Rechargeable lithium-ion batteries (LIBs) are electrochemical energy-storage devices that are used in diverse applications ranging from small-sized consumer electronic devices to midsized electric vehicles to the large-scale electricity grid. In their basic form, an LIB cell contains two electrodes at which redox reactions occur during electrochemical cycling, an electrolyte that transports lithium-ions between the electrodes, and a separator that prevents the electrodes from contact with each other while allowing the movement of ions.

Commercial LIBs typically contain graphite as the electrochemically active material in the negative electrode. The graphite could be partially or fully replaced by silicon in next-generation, high energy density LIBs because the theoretical lithium storage capacity of silicon is about ten times greater than that of graphite. However, the commercialization of silicon-based electrodes has been hindered by the large volume changes (up to 320%) that result from the insertion/extraction of lithium-ions into/from silicon particles; graphite, in comparison, displays an ∼10% volume change. Additionally, the electrochemical alloying/dealloying with lithium fractures the silicon particles and increases their surface area, which in turn increases parasitic side-reactions that trap lithium-ions and degrades battery performance.

Various strategies are pursued to improve the performance and longevity of silicon-containing LIBs. Modifying the silicon particle surfaces to minimize reactivity with the electrolyte and maximize interactions with the polymer binder ranks high among these approaches. Utilizing coatings to enhance the electronic contact within the electrode matrix is especially important for silicon, given that these particles have an oxide surface layer that forms during material synthesis. Additionally, surface modification can also prevent H2 evolution reactions that occur during water-based electrode fabrication processes, which consume active material and, at large enough scales, can pose safety hazards (Ref. 1).

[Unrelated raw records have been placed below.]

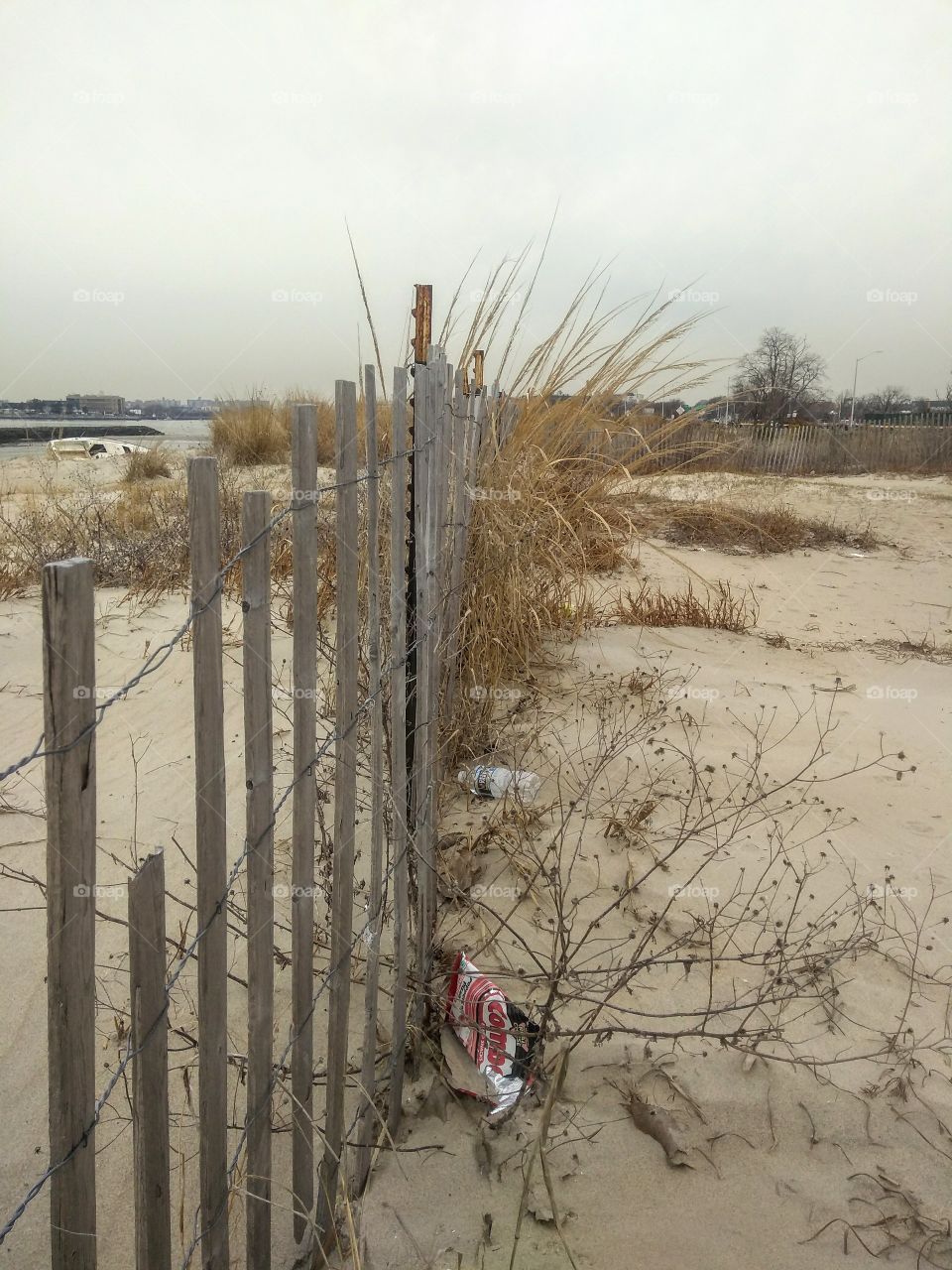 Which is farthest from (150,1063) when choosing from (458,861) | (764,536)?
(764,536)

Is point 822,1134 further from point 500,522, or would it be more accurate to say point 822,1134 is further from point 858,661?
point 858,661

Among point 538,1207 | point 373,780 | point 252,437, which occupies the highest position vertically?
point 252,437

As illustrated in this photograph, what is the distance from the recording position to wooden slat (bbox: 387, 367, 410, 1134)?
169 centimetres

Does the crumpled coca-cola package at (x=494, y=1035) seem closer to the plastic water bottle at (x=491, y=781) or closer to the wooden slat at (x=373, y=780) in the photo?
the wooden slat at (x=373, y=780)

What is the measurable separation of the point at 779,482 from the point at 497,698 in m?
12.6

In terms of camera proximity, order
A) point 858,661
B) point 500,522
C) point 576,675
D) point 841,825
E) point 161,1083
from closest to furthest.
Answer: point 161,1083, point 841,825, point 500,522, point 576,675, point 858,661

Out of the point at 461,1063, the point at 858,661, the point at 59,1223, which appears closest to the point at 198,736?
the point at 59,1223

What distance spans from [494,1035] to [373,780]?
83 cm

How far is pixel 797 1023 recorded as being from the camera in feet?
7.08

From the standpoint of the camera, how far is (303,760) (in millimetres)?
1315

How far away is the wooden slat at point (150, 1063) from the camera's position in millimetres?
945

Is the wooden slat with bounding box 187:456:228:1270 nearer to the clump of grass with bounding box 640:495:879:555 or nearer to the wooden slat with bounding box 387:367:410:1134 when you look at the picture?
the wooden slat with bounding box 387:367:410:1134

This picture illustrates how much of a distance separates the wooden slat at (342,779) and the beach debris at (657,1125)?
26.6 inches

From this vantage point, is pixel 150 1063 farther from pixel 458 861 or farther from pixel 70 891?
pixel 458 861
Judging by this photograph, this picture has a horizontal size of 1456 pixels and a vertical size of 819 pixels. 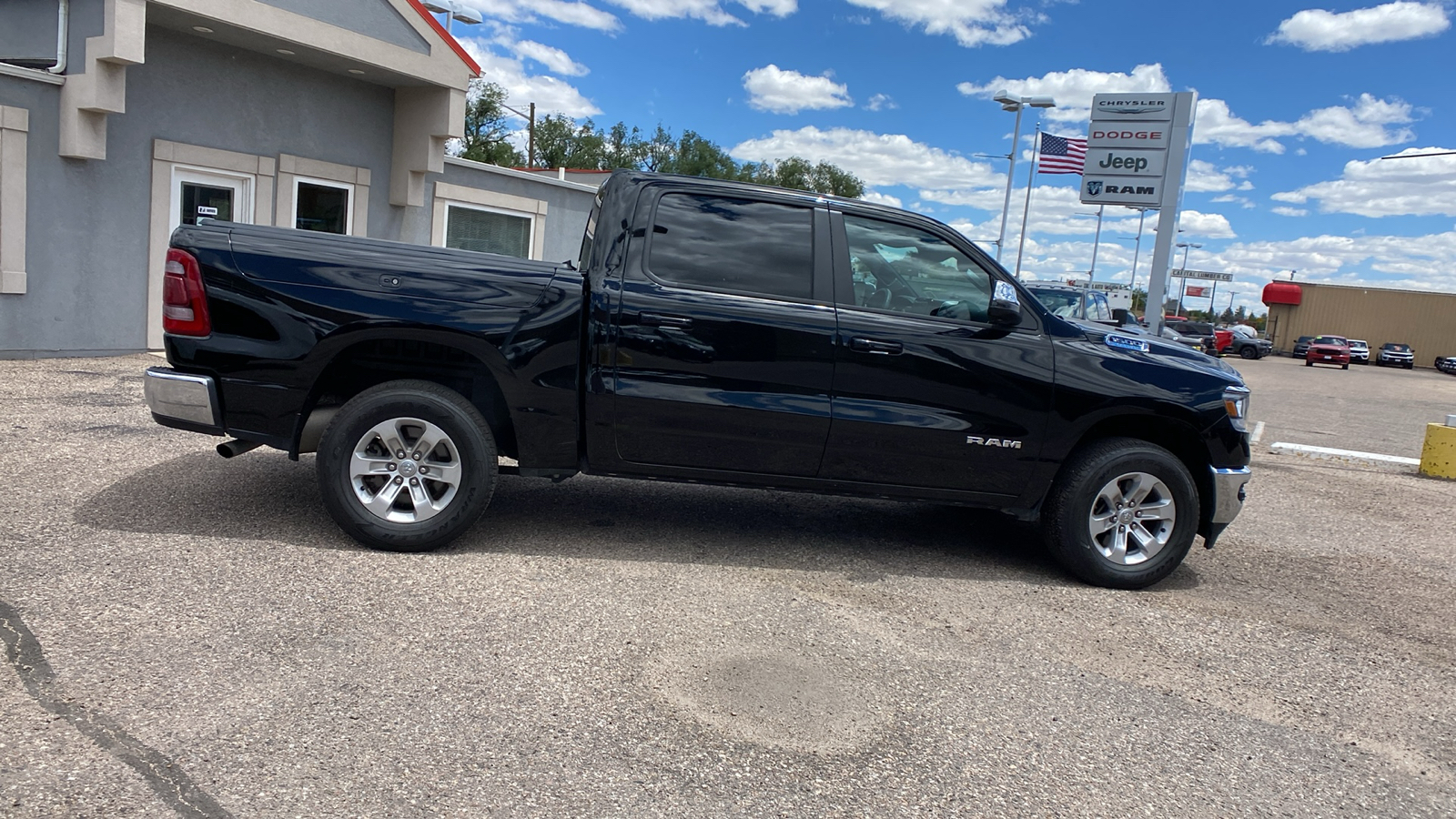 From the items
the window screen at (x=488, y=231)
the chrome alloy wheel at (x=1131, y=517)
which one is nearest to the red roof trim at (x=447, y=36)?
the window screen at (x=488, y=231)

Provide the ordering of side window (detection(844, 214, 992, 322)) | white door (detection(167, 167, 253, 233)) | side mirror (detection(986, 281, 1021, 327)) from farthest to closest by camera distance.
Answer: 1. white door (detection(167, 167, 253, 233))
2. side window (detection(844, 214, 992, 322))
3. side mirror (detection(986, 281, 1021, 327))

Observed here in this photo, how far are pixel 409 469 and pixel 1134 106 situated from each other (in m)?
13.2

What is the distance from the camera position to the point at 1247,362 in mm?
42969

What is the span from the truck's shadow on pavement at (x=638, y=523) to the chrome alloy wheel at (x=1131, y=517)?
1.10ft

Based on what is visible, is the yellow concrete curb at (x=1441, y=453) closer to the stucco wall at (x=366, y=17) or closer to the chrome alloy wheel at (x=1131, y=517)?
the chrome alloy wheel at (x=1131, y=517)

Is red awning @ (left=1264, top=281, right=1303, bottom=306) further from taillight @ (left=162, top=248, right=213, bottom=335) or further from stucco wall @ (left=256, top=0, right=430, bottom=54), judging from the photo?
taillight @ (left=162, top=248, right=213, bottom=335)

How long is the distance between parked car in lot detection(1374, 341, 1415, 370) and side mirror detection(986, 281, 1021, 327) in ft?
185

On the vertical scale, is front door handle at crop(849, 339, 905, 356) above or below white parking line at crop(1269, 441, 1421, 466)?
above

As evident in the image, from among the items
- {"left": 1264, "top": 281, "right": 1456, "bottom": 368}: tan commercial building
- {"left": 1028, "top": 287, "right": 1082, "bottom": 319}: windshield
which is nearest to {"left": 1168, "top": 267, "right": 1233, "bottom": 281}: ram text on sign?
{"left": 1264, "top": 281, "right": 1456, "bottom": 368}: tan commercial building

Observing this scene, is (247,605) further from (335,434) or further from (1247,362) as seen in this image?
(1247,362)

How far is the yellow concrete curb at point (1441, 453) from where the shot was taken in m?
10.0

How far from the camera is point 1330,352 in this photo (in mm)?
42219

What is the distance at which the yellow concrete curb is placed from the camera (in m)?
10.0

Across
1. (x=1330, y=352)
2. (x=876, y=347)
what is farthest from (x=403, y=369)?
(x=1330, y=352) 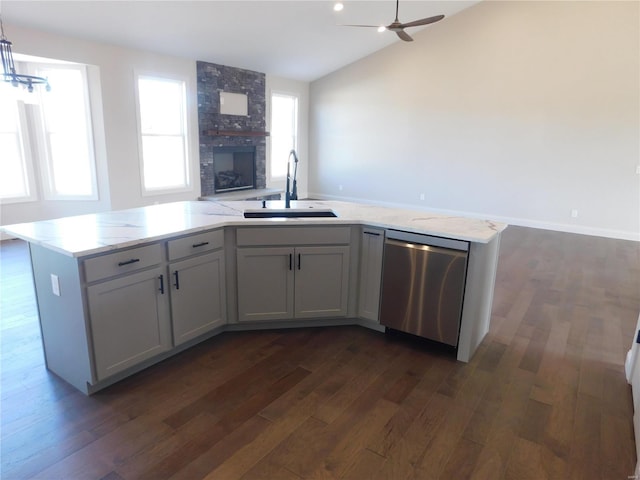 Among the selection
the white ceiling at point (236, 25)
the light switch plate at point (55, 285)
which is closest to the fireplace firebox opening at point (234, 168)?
the white ceiling at point (236, 25)

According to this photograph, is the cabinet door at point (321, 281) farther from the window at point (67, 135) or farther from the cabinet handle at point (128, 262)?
the window at point (67, 135)

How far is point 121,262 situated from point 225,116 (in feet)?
19.1

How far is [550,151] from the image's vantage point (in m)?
6.73

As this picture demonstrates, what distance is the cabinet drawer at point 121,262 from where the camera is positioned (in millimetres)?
2143

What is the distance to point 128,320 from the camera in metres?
2.37

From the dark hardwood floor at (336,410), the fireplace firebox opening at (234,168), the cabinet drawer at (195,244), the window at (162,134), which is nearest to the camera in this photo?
the dark hardwood floor at (336,410)

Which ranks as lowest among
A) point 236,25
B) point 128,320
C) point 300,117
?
point 128,320

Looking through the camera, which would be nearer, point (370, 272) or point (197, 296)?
point (197, 296)

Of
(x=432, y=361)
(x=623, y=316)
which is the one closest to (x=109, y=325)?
(x=432, y=361)

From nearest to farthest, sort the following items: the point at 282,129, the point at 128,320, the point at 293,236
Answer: the point at 128,320, the point at 293,236, the point at 282,129

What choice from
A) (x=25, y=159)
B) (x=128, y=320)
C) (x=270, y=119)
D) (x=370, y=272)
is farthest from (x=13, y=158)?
(x=370, y=272)

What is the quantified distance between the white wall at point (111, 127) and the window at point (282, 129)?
272cm

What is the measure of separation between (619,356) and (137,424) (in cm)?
321

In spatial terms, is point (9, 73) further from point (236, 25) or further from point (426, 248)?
point (236, 25) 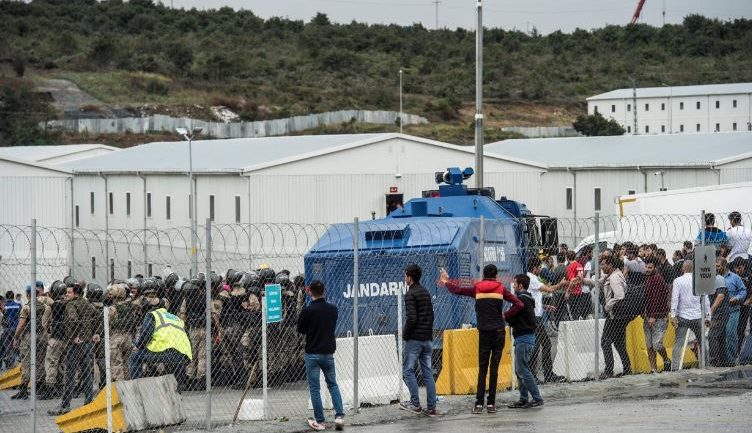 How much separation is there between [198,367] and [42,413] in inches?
98.1

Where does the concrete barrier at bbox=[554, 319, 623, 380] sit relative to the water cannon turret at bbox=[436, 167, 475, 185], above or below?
below

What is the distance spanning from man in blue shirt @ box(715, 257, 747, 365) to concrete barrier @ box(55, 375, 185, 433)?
9.02 meters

In this study, we report x-ray photoelectron spectroscopy data from various surface-modified silicon powders (Table I) obtained from a commercial vendor (Paraclete Energy, Inc.). The powders were produced by milling and contain Si particles with a mean diameter of ∼150 nm. Data are presented from Si particles coated with a thin carbonaceous layer (Si/C, Ref. 2) and from Si/C particles with additional coatings based on polyethylene glycol (PEG) (Ref. 3), polyvinylidene difluoride (PVdF) (Ref. 4), and perfluorooctene (PFO) (Ref. 5). Data from particles covered with only the native oxide layer (n-SiO, Ref. 6) are also reported here. Spectra from Si-based composite electrodes (Table II) based on the powders described above and containing carbon (for electronic conduction), graphite (for limiting the overall electrode expansion), and partially lithiated polyacrylic acid (LiPAA, for binding) are also included (Refs. 7–12). The LiPAA was prepared by titrating polyacrylic acid (PAA) with 1M LiOH in an aqueous solution; exchanging the protons with Li+ ions reduces coiling of the PAA polymer chains and improves their adhesion to the particles (Ref. 13).

XPS measurements of the powder and anode samples were made using a Kratos Axis Ultra x-ray photoelectron spectrometer (Kratos Analytical, Inc., Manchester, UK) using monochromatic Al Kα radiation (1486.6 eV). High-resolution spectra were collected from a single spot at an emission angle of 0° at a pass energy of 40 eV from a 0.7 × 0.3 mm2 area using the hybrid (electrostatic and magnetic immersion) lens mode. The samples were affixed onto the conductive sample holder with an insulating double-sided transparent tape. The sample holder was then loaded onto the grounded sample stage. The binding energy scale of the instrument was calibrated using the Cu 2p (932.6 eV) and Au 4f (84.0 eV) photoelectron lines. The binding energies were referenced to the bulk Si 2p signal at 99.3 eV. The pressure during analysis was ∼7 × 10−7 Pa.

XPS data collected from the raw powders are shown in Figs. 1–4. As these materials are surface-modified silicon particles, it was anticipated that there may be differences in the chemical/electronic nature of the surface of the particles between the various materials. Therefore, the bulk Si 2p signal is used as an energy reference instead of the more typical —CC—, —CH signal. The spectra show products of oxidation of the particle surfaces, which occur during synthesis, as well as the carbon coatings formed during the surface modification process.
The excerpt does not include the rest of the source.